--- Extracted entries ---
= Beginning of Section =

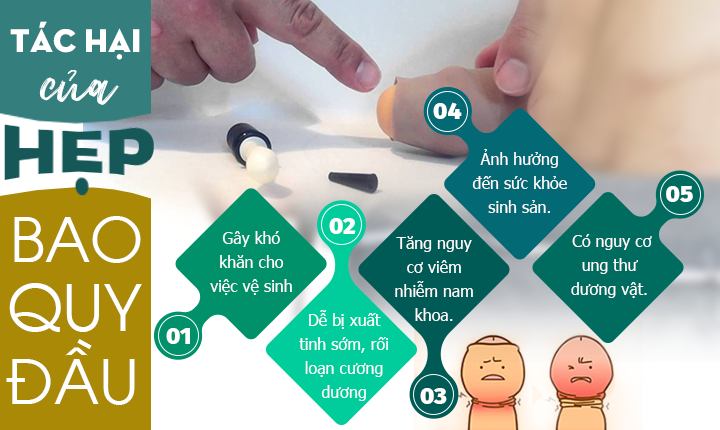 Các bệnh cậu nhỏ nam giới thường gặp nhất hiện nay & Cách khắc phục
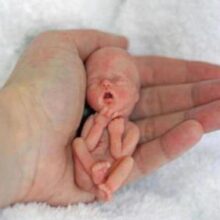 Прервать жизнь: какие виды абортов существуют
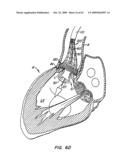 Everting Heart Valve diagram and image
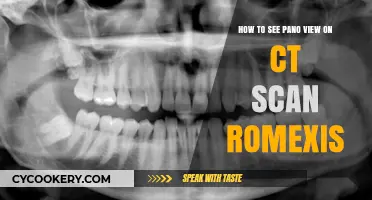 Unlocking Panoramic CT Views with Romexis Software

= End of Section =
= Beginning of Section =

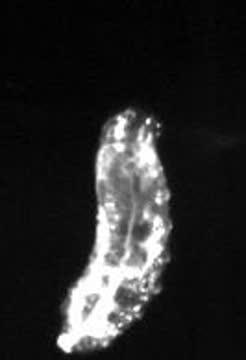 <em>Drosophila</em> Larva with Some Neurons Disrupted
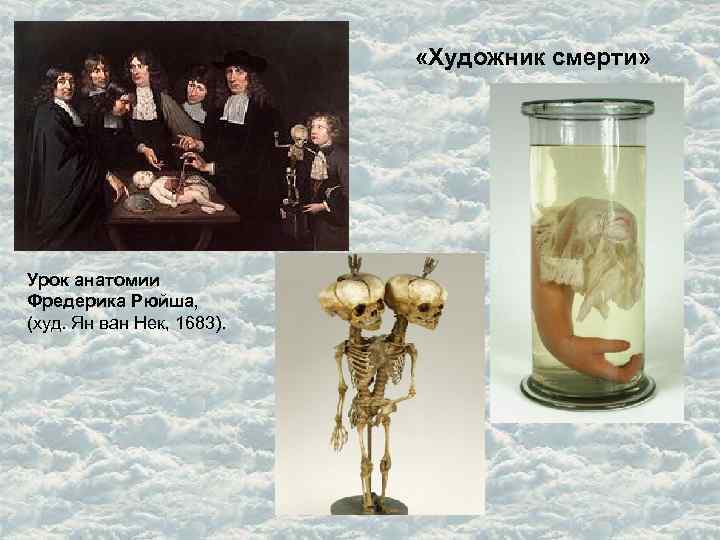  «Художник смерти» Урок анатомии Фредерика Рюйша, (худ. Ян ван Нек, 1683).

= End of Section =
= Beginning of Section =

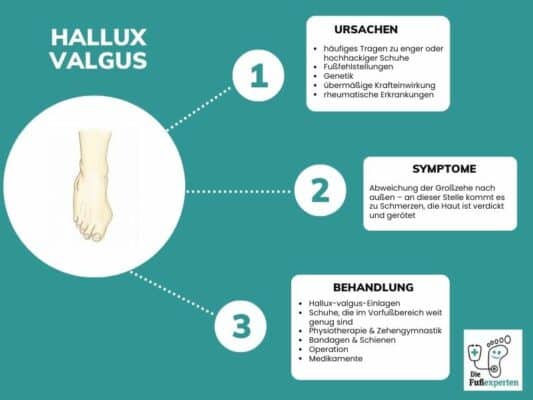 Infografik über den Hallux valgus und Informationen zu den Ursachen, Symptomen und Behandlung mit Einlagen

= End of Section =

What you write out is the stretch of entries from the line containing "Прервать жизнь: какие" to the line containing "Unlocking Panoramic CT", word for word, with both end lines and no pictures.

 Прервать жизнь: какие виды абортов существуют
 Everting Heart Valve diagram and image
 Unlocking Panoramic CT Views with Romexis Software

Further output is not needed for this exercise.